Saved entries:

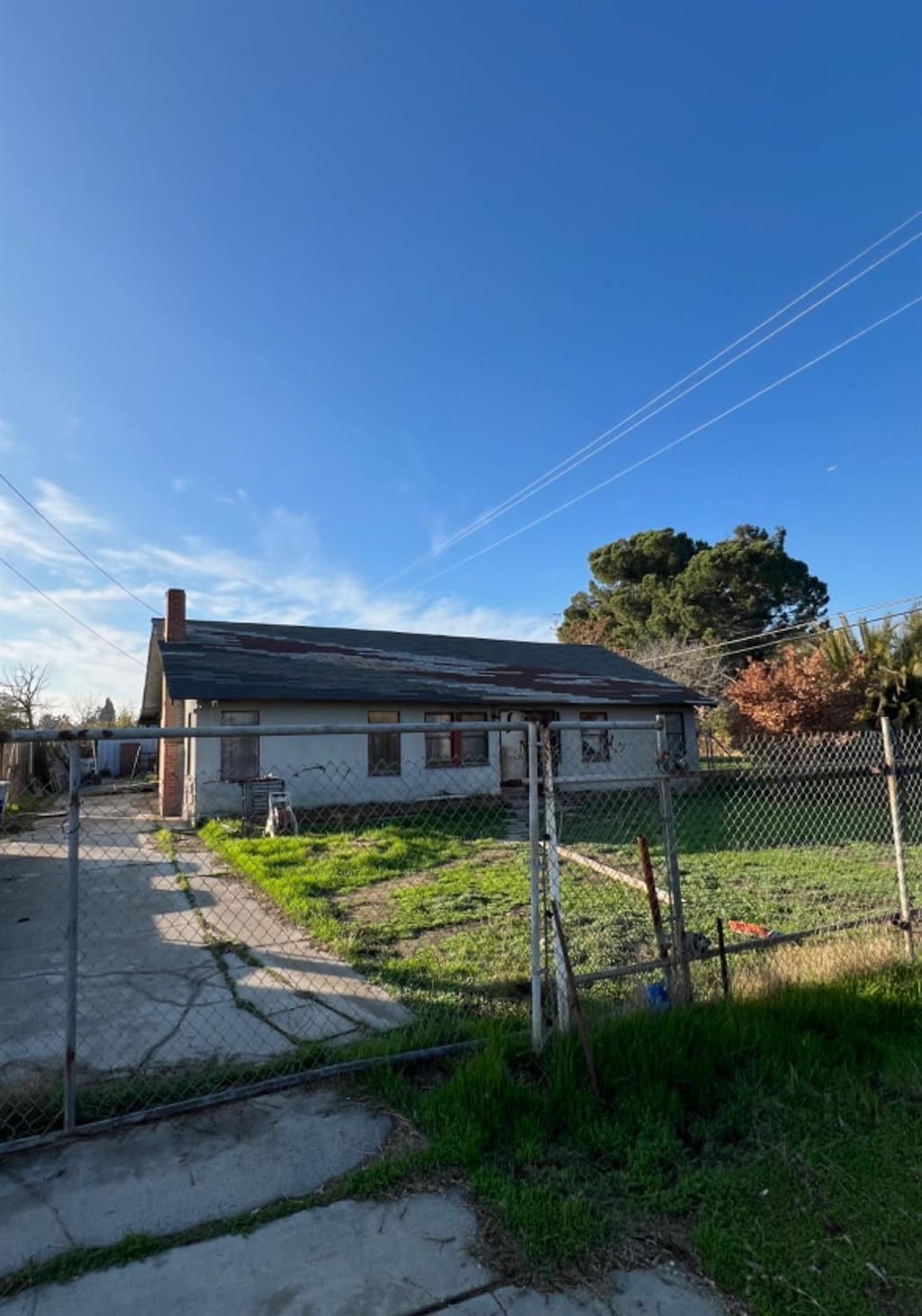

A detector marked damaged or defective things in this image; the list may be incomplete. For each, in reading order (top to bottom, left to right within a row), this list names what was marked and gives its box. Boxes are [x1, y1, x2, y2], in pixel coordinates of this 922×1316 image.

damaged shingle roof [140, 616, 710, 721]
cracked concrete [0, 784, 411, 1095]
cracked concrete [0, 1078, 390, 1274]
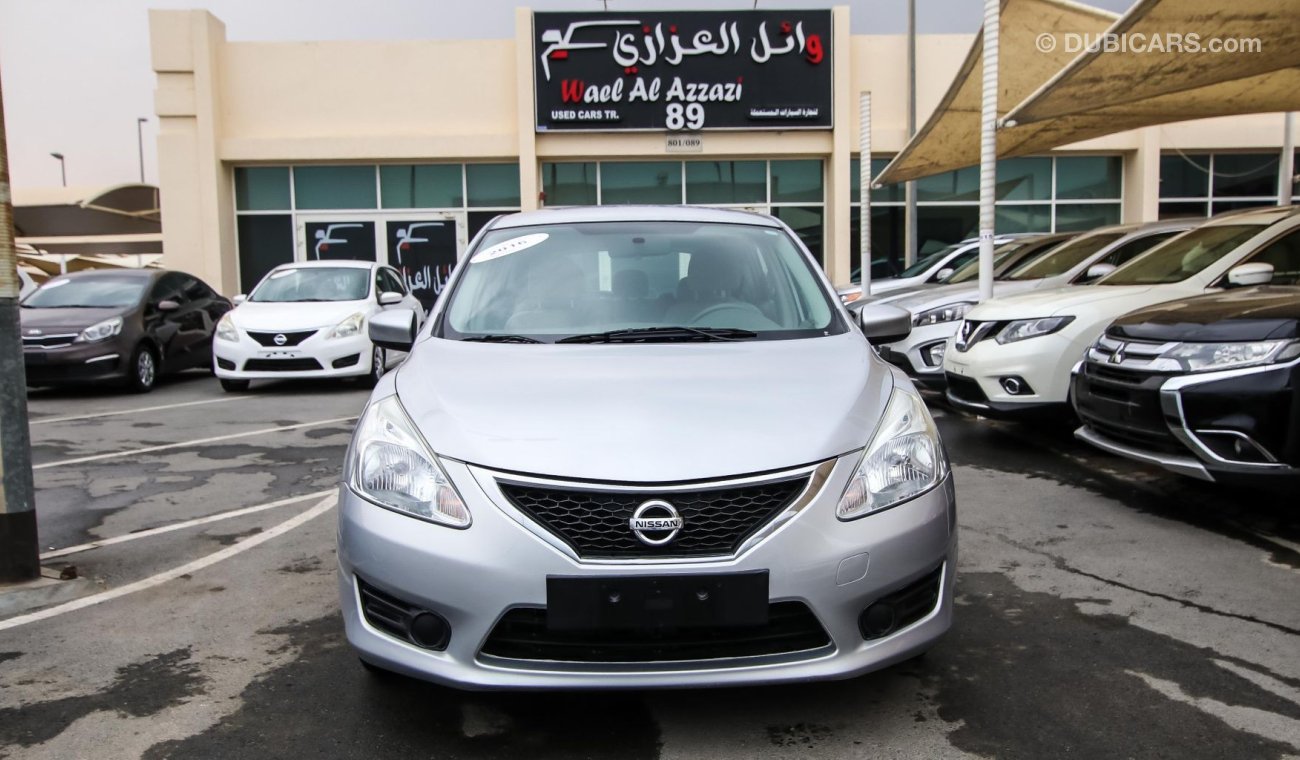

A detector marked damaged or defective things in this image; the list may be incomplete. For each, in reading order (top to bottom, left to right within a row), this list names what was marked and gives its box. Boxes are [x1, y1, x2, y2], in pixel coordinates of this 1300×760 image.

cracked asphalt [0, 371, 1294, 753]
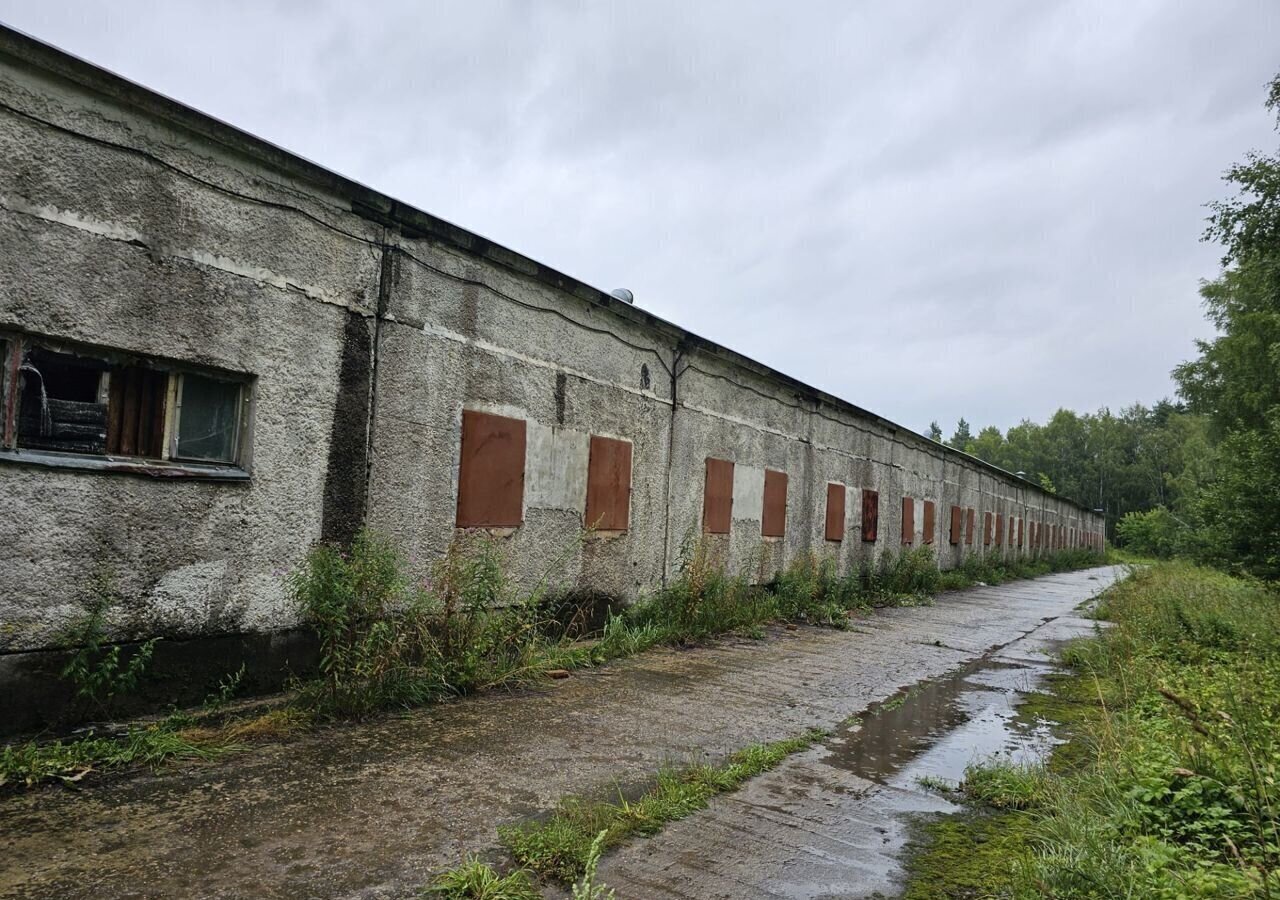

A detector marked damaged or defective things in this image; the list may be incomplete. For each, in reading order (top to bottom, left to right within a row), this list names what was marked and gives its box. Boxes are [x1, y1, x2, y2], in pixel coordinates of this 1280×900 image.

broken window [1, 332, 250, 472]
cracked facade [0, 28, 1104, 732]
rusted metal patch [456, 410, 524, 528]
rusty metal shutter [456, 410, 524, 528]
broken window [456, 412, 524, 532]
rusty metal shutter [588, 436, 632, 536]
rusted metal patch [588, 438, 632, 536]
broken window [584, 438, 636, 536]
broken window [700, 458, 728, 536]
rusted metal patch [704, 458, 736, 536]
rusty metal shutter [704, 458, 736, 536]
broken window [764, 468, 784, 536]
rusted metal patch [760, 472, 792, 536]
rusty metal shutter [760, 472, 792, 536]
rusted metal patch [824, 486, 844, 540]
rusty metal shutter [824, 486, 844, 540]
broken window [824, 486, 844, 540]
rusted metal patch [860, 488, 880, 544]
rusty metal shutter [860, 492, 880, 540]
broken window [860, 492, 880, 540]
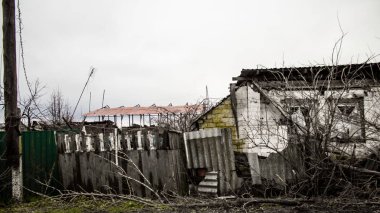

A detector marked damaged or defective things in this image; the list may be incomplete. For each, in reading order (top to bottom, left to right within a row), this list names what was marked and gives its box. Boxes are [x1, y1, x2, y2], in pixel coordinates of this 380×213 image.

broken roof [233, 61, 380, 85]
rusted metal sheet [183, 127, 238, 196]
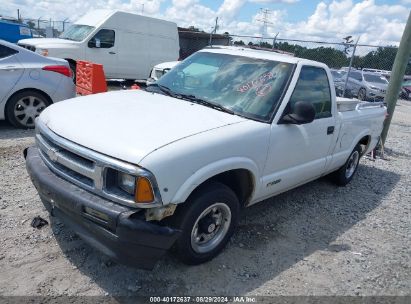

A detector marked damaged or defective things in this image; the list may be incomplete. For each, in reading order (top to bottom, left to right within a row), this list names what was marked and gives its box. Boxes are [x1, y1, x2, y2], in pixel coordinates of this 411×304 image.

damaged front bumper [25, 147, 179, 268]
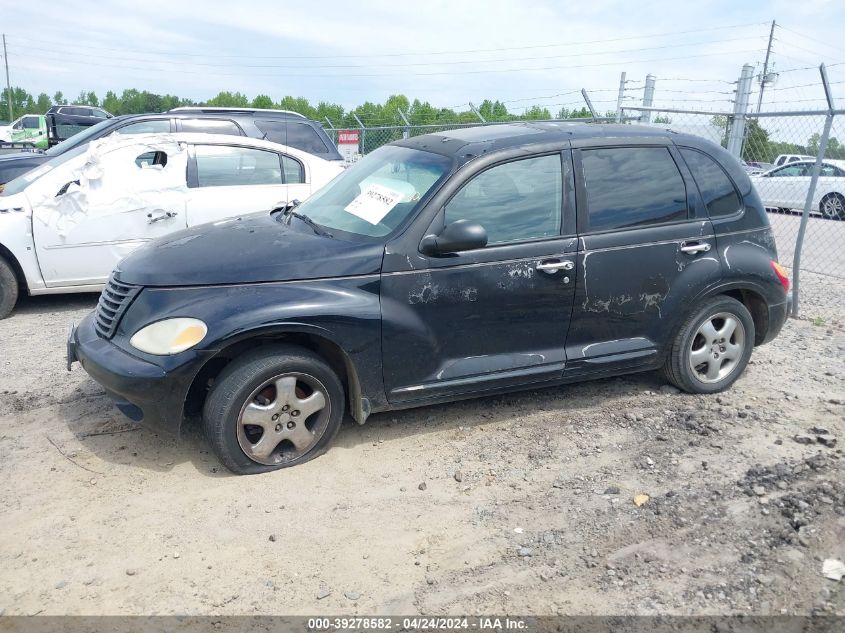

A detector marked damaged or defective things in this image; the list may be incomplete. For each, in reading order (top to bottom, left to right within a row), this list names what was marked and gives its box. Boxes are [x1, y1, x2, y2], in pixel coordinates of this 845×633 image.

damaged white car [0, 133, 344, 316]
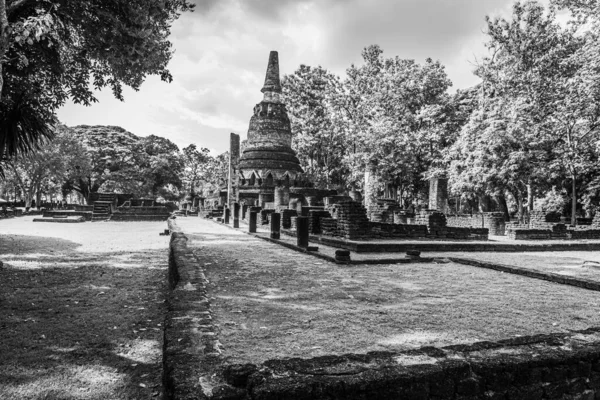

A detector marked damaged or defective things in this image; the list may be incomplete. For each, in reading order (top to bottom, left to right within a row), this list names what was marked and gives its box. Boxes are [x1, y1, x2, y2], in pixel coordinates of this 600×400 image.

broken pillar [428, 176, 448, 212]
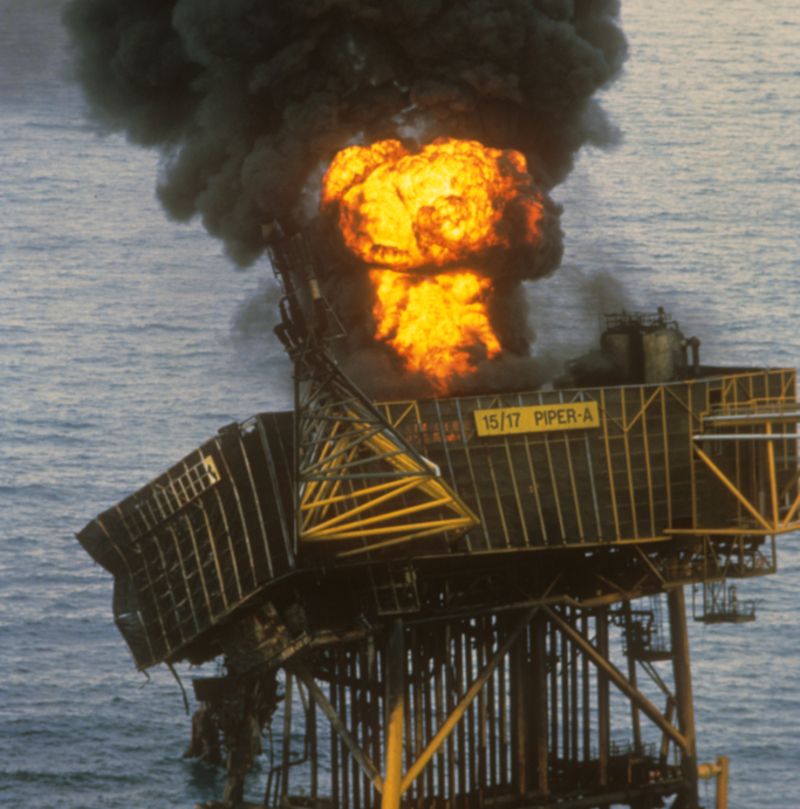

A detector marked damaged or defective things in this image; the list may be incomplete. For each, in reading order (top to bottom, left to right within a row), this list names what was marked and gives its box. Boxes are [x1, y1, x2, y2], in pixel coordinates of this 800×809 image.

charred metal structure [78, 230, 800, 804]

EXERCISE DESCRIPTION:
All of the data needs repeating exactly, but the pictures do not.

SOLUTION TO THE PROBLEM:
A detector marked damaged or defective things in this image; the list may be incomplete. For each, in reading order (top to bottom, left to right within a row), this list names what was marked and gives its box. Boxes are [x1, y1, x2, y2], in pixel coordinates of this 922×1316 image.

damaged shingle roof [140, 616, 710, 721]
cracked concrete [0, 784, 411, 1095]
cracked concrete [0, 1078, 390, 1274]

A detector marked damaged or defective things in this image; the list may be incomplete. For each, in reading order (top to bottom, left to right within a row), this list names what was marked and gives its box. Boxes are [x1, y1, x2, y2], in pixel coordinates of this 1300×760 image.

cracked asphalt [0, 371, 1294, 753]

A detector marked damaged or defective things in this image; the list may be incomplete. For each, in reading order (top to bottom, left to right within a row), this list names what was marked and gives its box. Boxes are [x1, y1, x2, y2], in pixel coordinates of this 1280×900 image.

broken window [1, 332, 250, 472]
cracked facade [0, 28, 1104, 732]
rusted metal patch [456, 410, 524, 528]
rusty metal shutter [456, 410, 524, 528]
broken window [456, 412, 524, 532]
rusty metal shutter [588, 436, 632, 536]
rusted metal patch [588, 438, 632, 536]
broken window [584, 438, 636, 536]
broken window [700, 458, 728, 536]
rusted metal patch [704, 458, 736, 536]
rusty metal shutter [704, 458, 736, 536]
broken window [764, 468, 784, 536]
rusted metal patch [760, 472, 792, 536]
rusty metal shutter [760, 472, 792, 536]
rusted metal patch [824, 486, 844, 540]
rusty metal shutter [824, 486, 844, 540]
broken window [824, 486, 844, 540]
rusted metal patch [860, 488, 880, 544]
rusty metal shutter [860, 492, 880, 540]
broken window [860, 492, 880, 540]

A detector marked damaged or defective things in this image; the list may be incomplete. For each, in reading order (top to bottom, left to right within a row), this list names what was marked and gives its box. Boxes are [x1, y1, x2, y2], in pixel coordinates of this 380×213 image.

broken roof [233, 61, 380, 85]
rusted metal sheet [183, 127, 238, 196]

A detector marked damaged or defective things in this image; the list may be incomplete. For each, in reading order (top to bottom, left to right within a row), this list names what was marked and gives its box. Boxes are [x1, y1, x2, y2], in pixel coordinates of this 411×304 image.

damaged front bumper [25, 147, 179, 268]

A detector marked damaged or defective things in this image; the list may be incomplete. For each, in reading order (top to bottom, left to right within a row), this list names what was marked and gives its box. Boxes are [x1, y1, x2, y2], in pixel coordinates of this 845×633 image.

damaged white car [0, 133, 344, 316]

A detector marked damaged or defective things in this image; the list may be incomplete. For each, in reading order (top to bottom, left to right within a row), this list names what was marked and gives its box. Boxes are [x1, y1, x2, y2], in pixel coordinates of this 600×400 image.

broken pillar [428, 176, 448, 212]

A detector marked damaged or defective things in this image; the list may be incomplete. For each, in reading order (top to bottom, left to right within a row), this list names what was marked and gives its box. Boxes are [x1, y1, x2, y2], in pixel coordinates of this 800×809 image.

charred metal structure [78, 230, 800, 804]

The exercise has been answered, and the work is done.